WORK ITEM: Restate the data below word for word, omitting pictures.

PROVIDED MATERIAL:

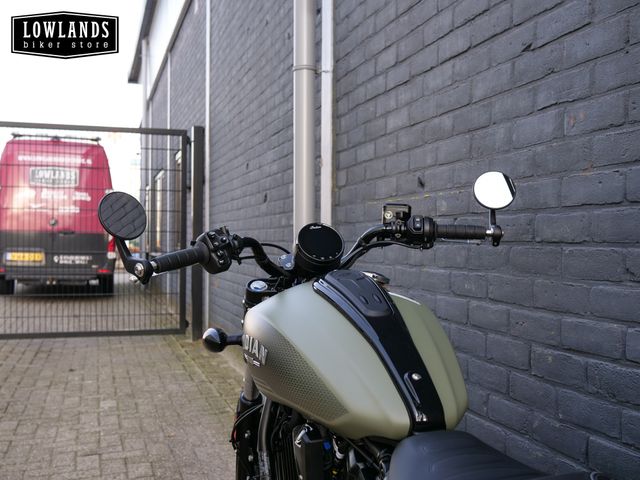 indian - scout-bobber-limited-tech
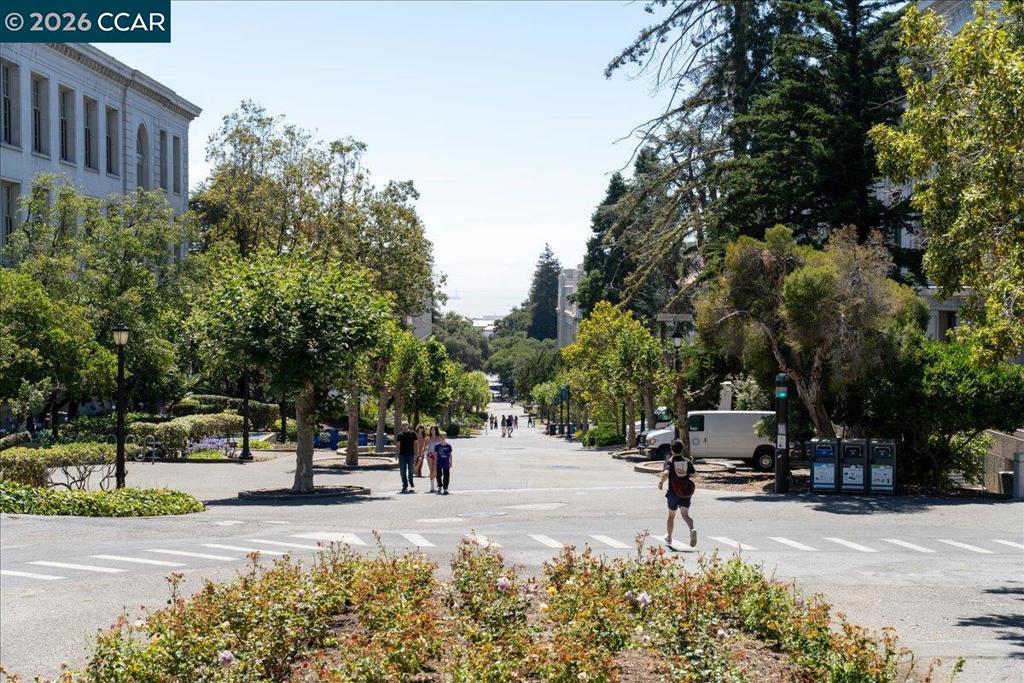 1538 Russell St Property Photo 58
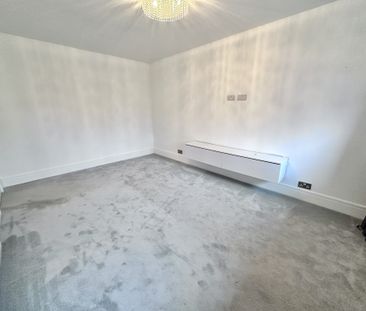 Winchester Way, Doncaster, Scawsby - Photo 3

RESPONSE TO THE TASK:
 indian - scout-bobber-limited-tech
 1538 Russell St Property Photo 58
 Winchester Way, Doncaster, Scawsby - Photo 3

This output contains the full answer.